E o dia em que o senhor apareceu com um moço que havia sido roubado na rodoviária e não tinha documento, nada... o senhor o trouxe para casa, acolheu, ajudou, e depois o colocou em um ônibus de volta a Minas Gerais, onde o rapaz vivia. "Já pensou uma situação dessa, num lugar desconhecido, perdido, sem dinheiro, sem endereço, sem nada... cê é besta..." o senhor falou e eu percebi como era bom ter alguém que se importava com os outros, mas eu sabia que era melhor ainda porque o senhor faria qualquer coisa por nós.

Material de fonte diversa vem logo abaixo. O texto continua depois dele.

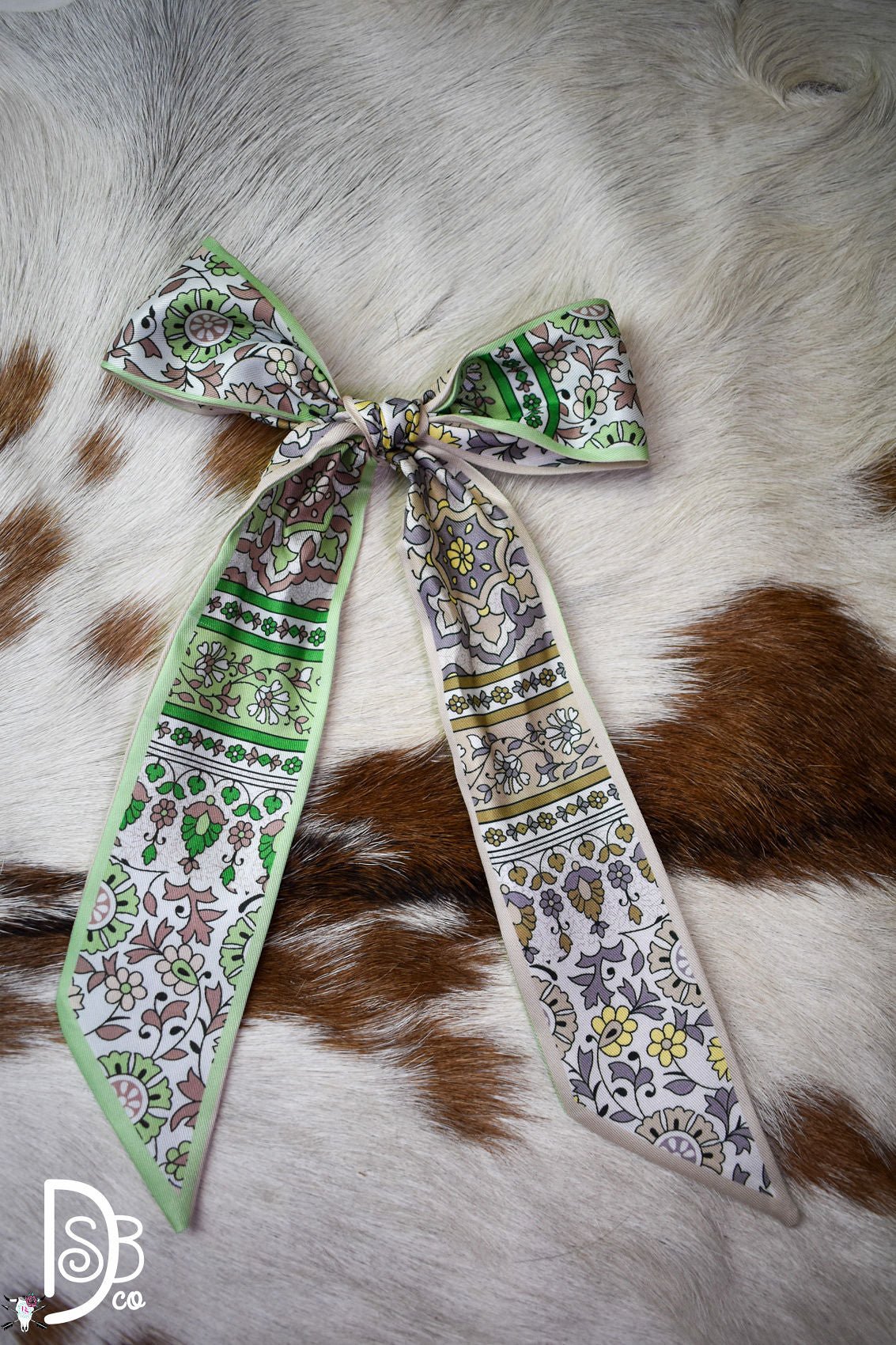 Houston Twillys - Deadwood South Boutique & Company LLC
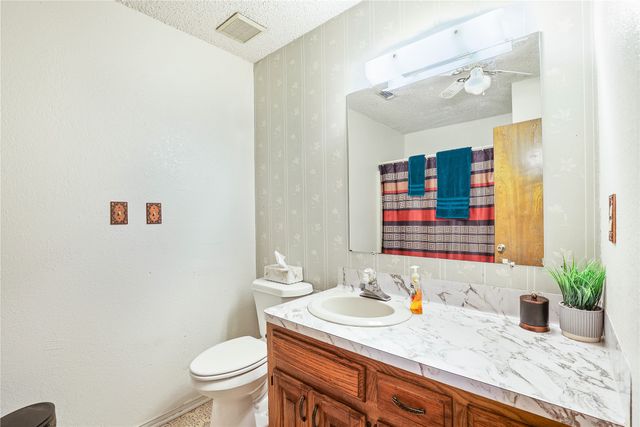 109 County Road 1224, Mt Pleasant, TX 75455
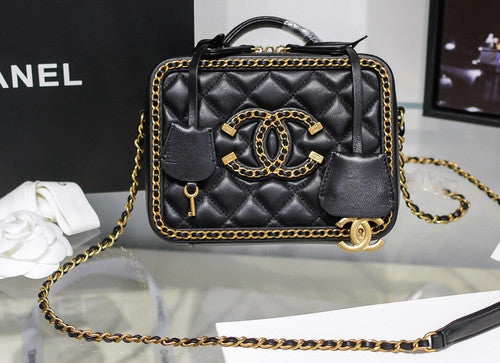 Chanel Small Vanity Case Black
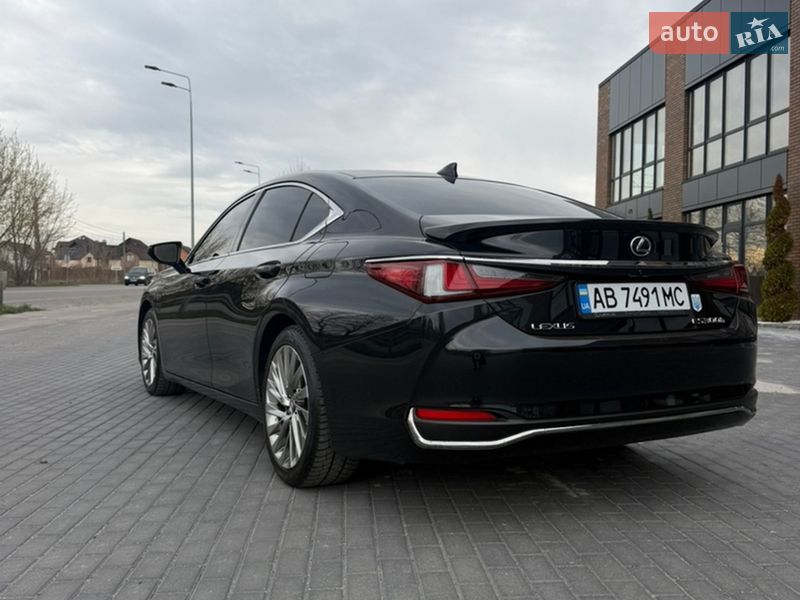 Седан Lexus ES 2022 в Виннице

E faria mesmo: lembra daquele dia, na quadra de futebol de salão? O cara chutou meu irmão,o senhor estava fora da quadra e de repente já estava lá dentro socando o sujeito...e a confusão...o deixa disso, o senhor dizendo: -"se é louco? machuca meu filho para você ver se eu não te arrebento!" E, todo mundo ficou contra o sujeito. Se fosse outro, talvez tivesse virado briga geral, mas era o senhor, todos respeitavam porque conhecem seu caráter.

São tantas coisas que agora me lembro, mas teria de ficar horas descrevendo. Egoísta que sou, ficaria com todas as lembranças porque elas te manterão sempre comigo.

Só gostaria de lembrar de mais uma coisa entre tantos: do dia em que o senhor comemorou cinquenta anos de casado. Lembro do senhor de braço dado com minha mãe, na igreja, o sorriso mais franco e agradecido e isso me traz à memoria um comentário feito a 29 anos atrás.

Foi no dia em que vocês foram me visitar no seminário. Lembra? Meu orientador, um Frade franciscano, depois que vocês partiram me disse: "A maior herança que seus pais poderiam te deixar é a simplicidade deles.Tente se espelhar nisso!"

Hoje, pai, eu vi que tudo se resume a isso: a simplicidade com que o senhor passou por nossos vidas. Por isso, dói tanto, por isso eu ainda não acredito, por isso eu queria que o senhor soubesse que deixou um pouquinho do senhor em cada um de nós, seus filhos, seus netos, bisnetos.

O olhar de incredulidade de todos nós reflete a sua partida, também envolta em toda simplicidade, sem querer alarde, sem querer nos preocupar ou nos dar trabalho, querendo nos poupar do sofrimento.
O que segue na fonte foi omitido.